Avec plus de 258 000 habitants, Antsirabe est la 3e plus grande ville de Madagascar, mais une ville où une grande partie de la population vit dans une situation de très grande pauvreté.

Les enfants sont les premières victimes de cette situation.

Qu’ils vivent dans les rues ou qu’ils soient tenus à l’écart de tout système éducatif … Que leurs parents soient trop pauvres, sous le coup d’une condamnation judiciaire ou même décédés … Leur vie précaire les prédispose à commettre de menus larcins et à des actes de délinquance, tout simplement pour survivre !

Forte de ces constatations, mais aussi parce que l’avenir de tous ces enfant ne peut laisser indifférents, AMADEA a créé à Antsirabe, un lieu d’accueil, de vie et d’épanouissement pour un certain nombre de ces laissés-pour-compte.

Pour la majorité d’entre eux, le centre Mirana-Tsiky accueille des enfants en placement judiciaire. Une décision prise suite à l’incarcération de leurs parents, pour cause de maltraitance ou encore parce qu’ils ont été abandonnés dans la rue sans que l’on puisse retrouver leur famille.

Des enfants …

Cette petite structure d’une vingtaine de places accompagne les enfants et adolescent(e)s confiés à l’association pendant un petit bout de chemin, jusqu’à l’âge adulte. AMADEA prend en charge leurs frais de nourriture, d’habillement et de logement ainsi que les différentes dépenses liées à leur scolarisation, en essayant de trouver des solutions d’avenir pour chacun d’entre eux lorsqu’ils sortent du système scolaire.
Lorsque le cas se présente, les fratries qui lui sont confiées ne sont pas séparées et peuvent ainsi continuer à grandir ensemble.
Le suivi des enfants et le fonctionnement du centre Mirana Tsiky est assuré par une équipe réduite (mais très dévouée) de 4 personnes.
Un directeur et son adjointe, plus spécialement chargée du suivi pédagogique des enfants et de l’encadrement des filles, une doctoresse (en retraite) et une cuisinière.

 

« Nous espérons leur restituer le droit d’être et de rester des enfants. »

… Et des locaux !

Le centre Mirana Tsiky occupe un  terrain de plus de 1 hectare.
Dans les 2 bâtiments principaux, sur 2 niveaux, se trouvent les dortoirs des filles et des garçons avec leurs sanitaires (douches et toilettes).
Une cuisine et sa dépendance, une grande salle commune pour les repas et les différentes activités de la collectivité ainsi que des bureaux et des chambres pour les éducateurs complètent l’installation.
Un peu à l’écart, un 3e bâtiment abrite à la fois un atelier de production de spiruline avec, à l’étage, un studio d’accueil pour les visiteurs ou/et les bénévoles de passage.
Au fond du terrain, un dernier bâtiment accueille le logement du gardien et de sa famille. A proximité, mais à l’extérieur du terrain, un centre de formation est en cours d’installation.

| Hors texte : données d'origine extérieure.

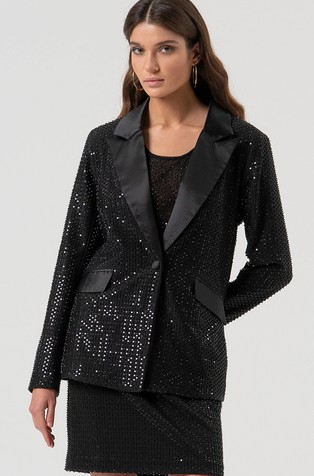 Dugi sako s ukrasnim kamenčićima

Le centre Mirana Tsiky a été implanté sur un vaste terrain situé à la périphérie de la ville d’Antsirabe.

Sa construction s’est faite en plusieurs étapes. A la construction initiale est rapidement venue s’ajouter une première extension qui a permis d’accueillir temporairement une vingtaine d’enfants, garçons et filles, répartis sur 2 niveaux.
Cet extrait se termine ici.